The first action of the 2014 Olympics in Sochi wrapped up on Thursday, just one day prior to the opening ceremony. Now, with a one-day break before the action continues, every country will take a step back and reflect upon how they fared and what they can do to improve their standing.
On Thursday, figure skating, freestyle skiing and snowboarding were on display. After the qualifying rounds, there are a handful of teams that stand above the rest; however, plenty more are still well in the mix.
Let's take a closer look at how things stand after Thursday's activities and determine which countries are in the driver's seat going forward.
During the men's short program in the team competition, Yuzuru Hanyu of Japan really stole the show. Scoring a 97.98, he was absolutely the most polished skater on Thursday. Hometown hero Yevgeny Plushenko of Russia finished a close second with a score of 91.39. As for the U.S., Jeremy Abbott had a poor showing and finished seventh with a score of 65.65.
Olympics 2014: Figure skater Jeremy Abbott 'not sure what went wrong' http://t.co/KlI5jzFsY8— Zap2it (@Zap2it) February 7, 2014
Although Japan fared well in the men's short-program event, their skaters were not able to duplicate their success in the pairs' short program, finishing eighth with a score of 46.56. However, Russia was able to hold strong once again, finishing first with a score of 83.79. The U.S. finished fifth with a score of 64.25.
After two events in the team competition, the U.S. is tied for fifth with 10 points. Russia currently holds the lead with 19 points, followed by Canada with 17 points.
There are still seven events before Sunday's medal ceremony, and these teams will continue to fight for position. Even though the U.S. did not fare well on Thursday, it has a strong chance to climb into the top three and earn a medal in the team event.

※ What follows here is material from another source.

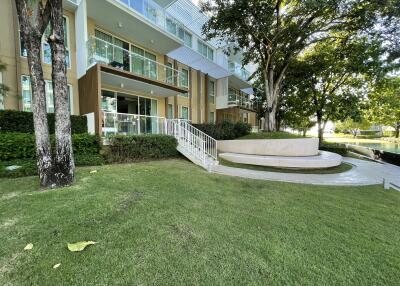 Apartment building with green yard and trees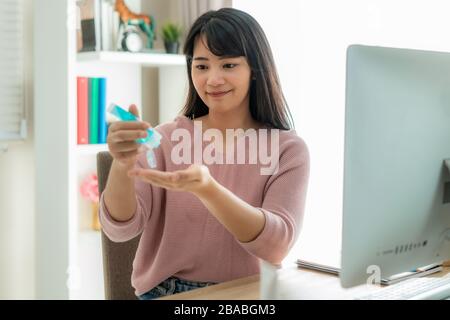 Femme asiatique utilisant fréquemment des mains de nettoyage de gel antiseptique d'alcool, prévenir l'infection, éclosion de Covid-19 se laver les mains avec de l'aseptisant tout en utilisant la comp Banque D'Images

However, it will be Russia's strong corps of skaters who will continue to make them the team to beat.
The ladies' moguls event was full of highly contested action on Thursday. Defending Olympic gold medalist Hannah Kearney of Team USA posted the best score with a 23.05. However, she is closely followed by Canadian sisters—Chloe Dufour-Lapointe (22.64) and Justine Dufour-Lapointe (22.28).
It's good for us. I can say quite confidently that we're the most fit, strongest team out there.... We're as prepared as possible to handle several days of competition in a row.
Also, being veterans is helpful because you learn to just go with the flow. It's peculiar that the very first time we try a format is on such a grand stage. But I don't think it will have a negative effect.
Kearney is heavily favored to repeat as champion; however, she will have her hands full with the Dufour-Lapointe sisters nipping at her heels. One thing is for certain: This event with surely bring a fantastic finish to Sochi.
During the second run of the men's slopestyle event, Canadian Maxence Parrot put on quite a spectacle, earning a score of 97.5—just 2.5 points short of a perfect score. He really appears to be the favorite in this event—especially after Team USA snowboarder Shaun White pulled out.
Shaun White bows out of Sochi Olympics slopestyle contest: Superstar snowboarder says “risk of injury” is too ... http://t.co/zCyAzfcCLg— US National News (@USANationalNews) February 5, 2014
After his runs, Parrot spoke with ESPN.com and relayed his confidence: "Other riders complained about the course this week. I actually found it really good from Day 1 to now."
Of the two runs, eight riders were able to finish with a score of 90.0 or better. The U.S. will have their work cut out for them, as Charles Guldemond, Sage Kotsenburg and Ryan Stassel finished with scores of 86.00, 86.50 and 81.00, respectively.
It just doesn't seem like Team USA has what it takes to medal in this event with so much talent on display from other countries.
Despite the disappointing performances by U.S. riders, rest assured that the remaining top-tier athletes in Sochi will keep this event very competitive down to the bitter end.
The ladies' slopestyle event remains just as competitive. Fortunately for the U.S., talented rider Jamie Anderson is well in the mix after scoring a 93.50 in her lone run on Thursday.
Anderson shared her experience so far in Sochi with ESPN: "It's a challenging course. A lot of impact for everyone. Little 15-year-olds are like, 'I'm not even old and my back is still sore every day. Not even from crashing, just from riding.'"
The only rider ahead of Anderson at this time is Austrian Anna Gasser, who put together a solid 95.50 on Thursday. The two aforementioned athletes were the only two to score in the 90s during the qualifying round.
Anderson was a little banged up heading into Thursday's qualifying round. She is very capable of putting together multiple top-notch performances, and she could certainly overtake Gasser when healthy. These two will absolutely continue to put on a show for everyone watching.